■ **WHAT YOU SHOULD DO**:
Transcribe the listing below in full, exactly, with no images.
##### DATA PROVIDED
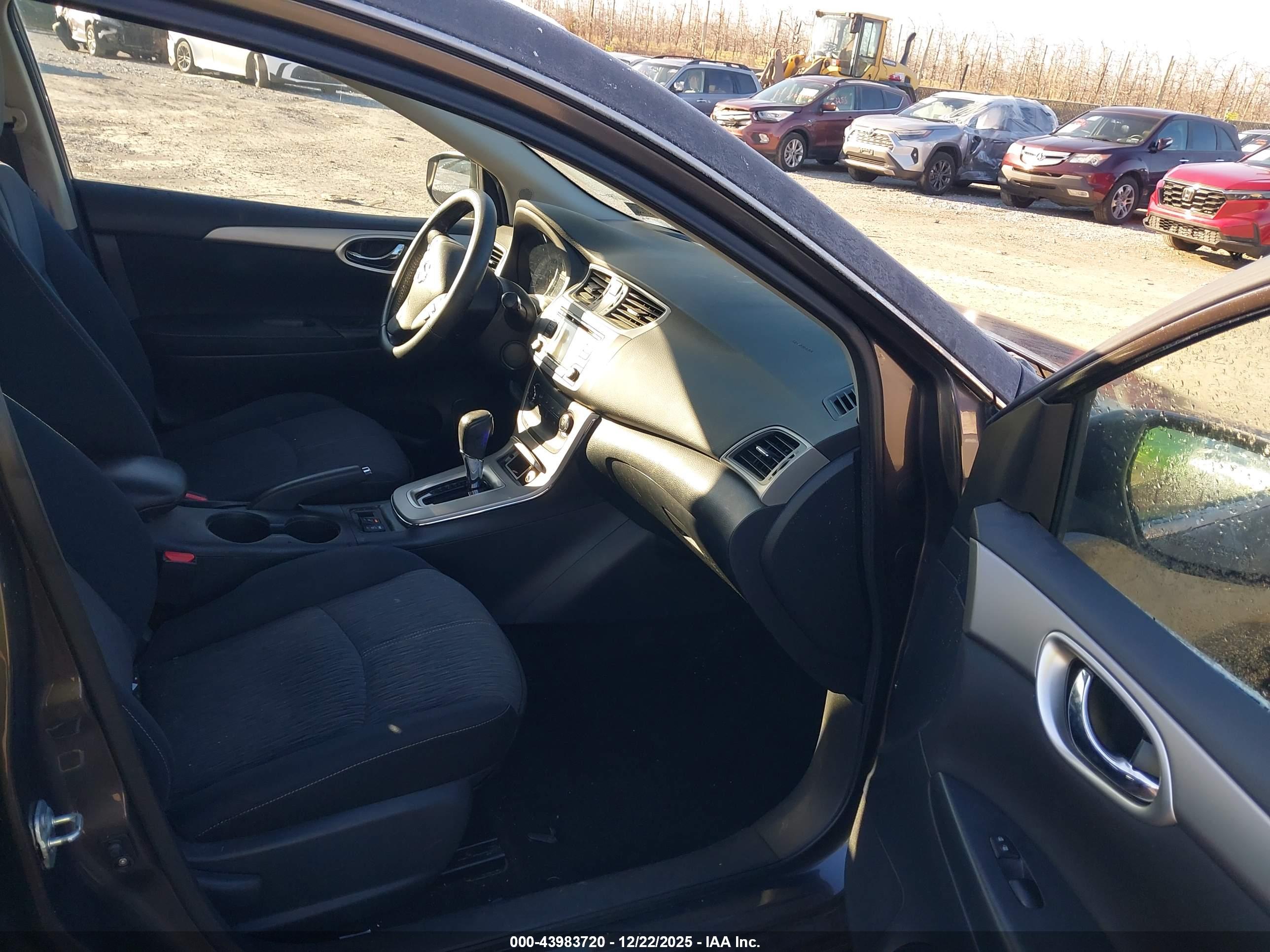 NISSAN SENTRA image 5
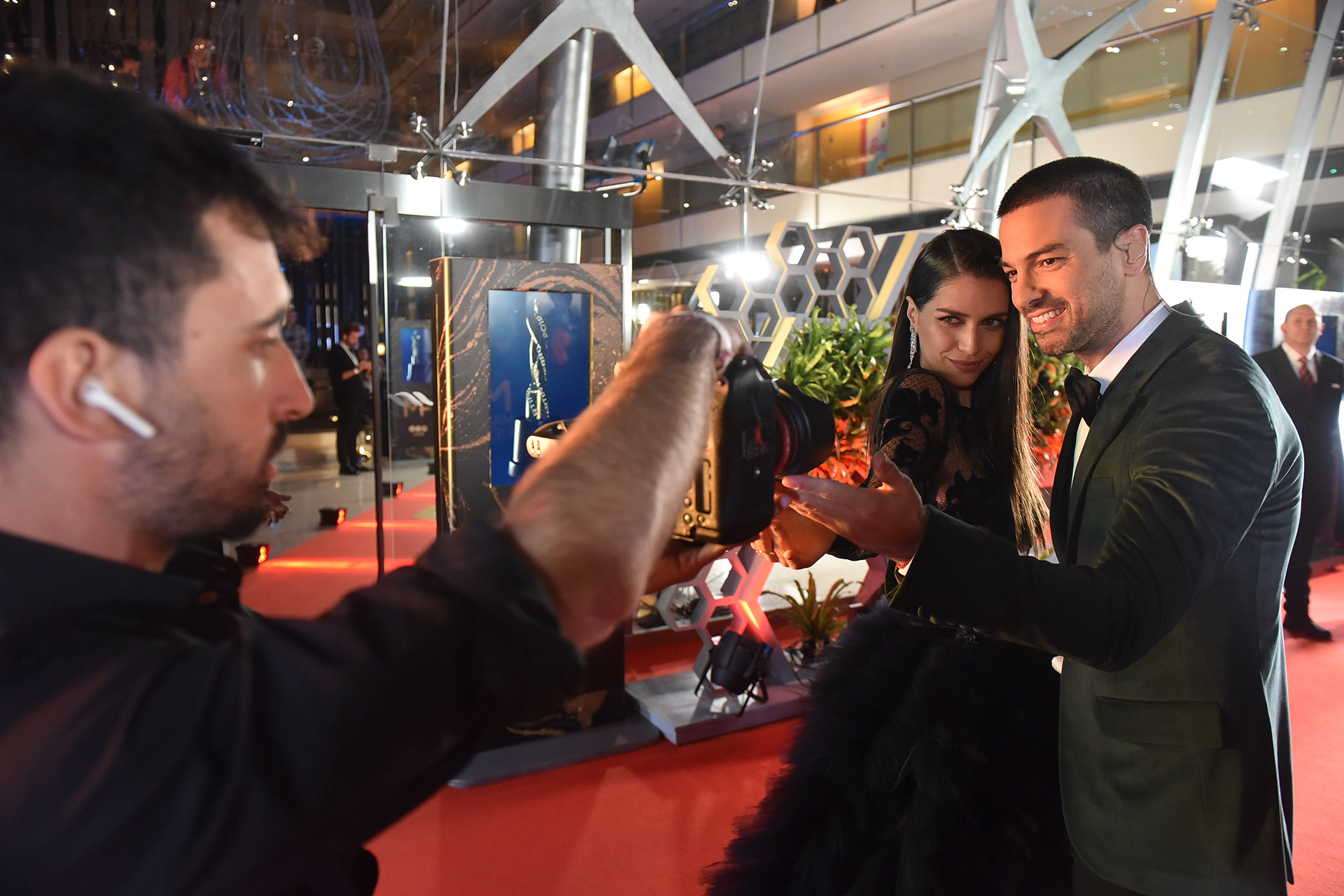 Zaira Nara y el Chino Lenis se encargaron de conducir la alfombra roja de la gran noche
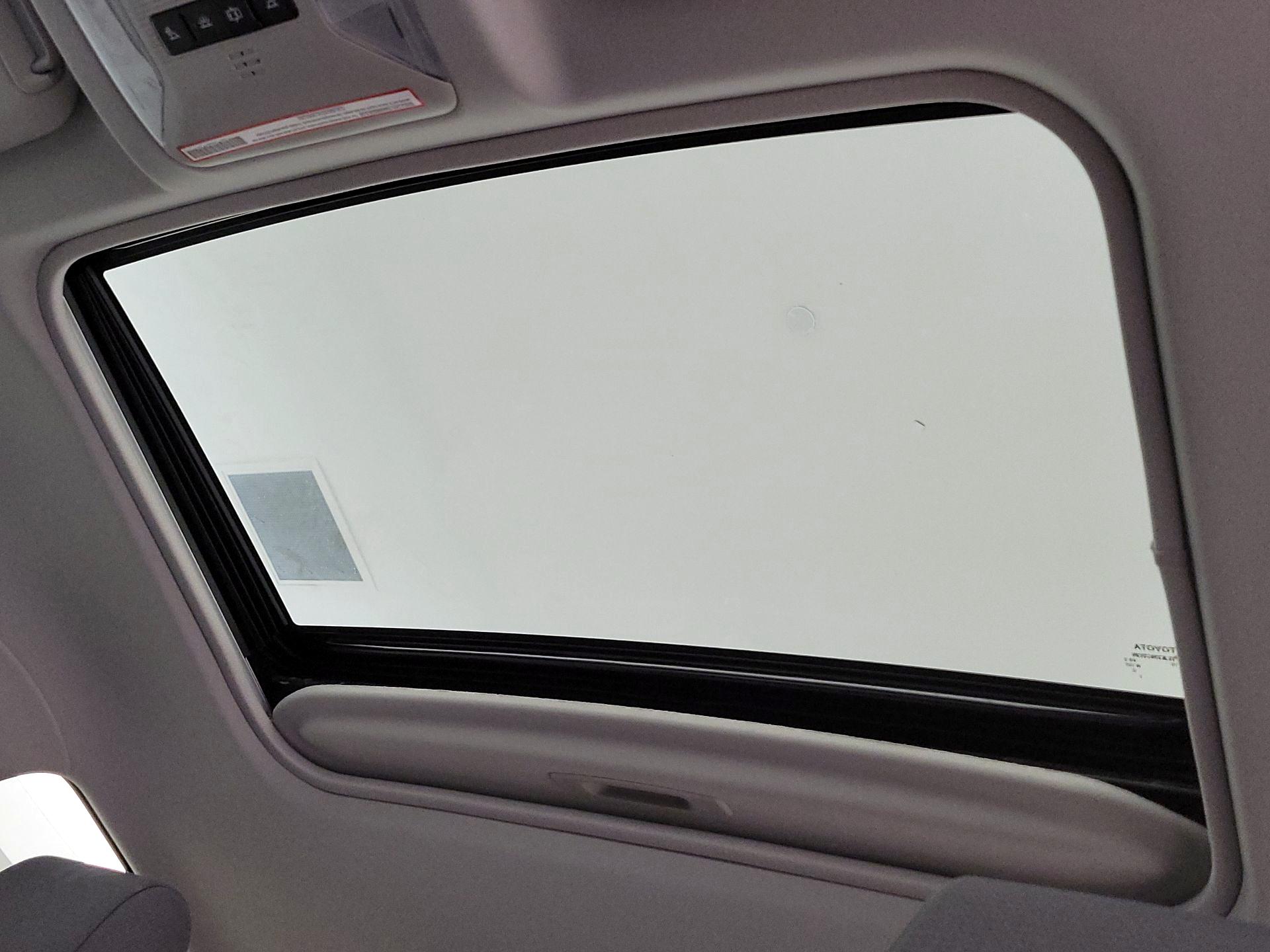 Thumbnail: 2019 Toyota RAV4 - 19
##########
■ **RESULT FOR THIS EXERCISE**:
 NISSAN SENTRA image 5
 Zaira Nara y el Chino Lenis se encargaron de conducir la alfombra roja de la gran noche
 Thumbnail: 2019 Toyota RAV4 - 19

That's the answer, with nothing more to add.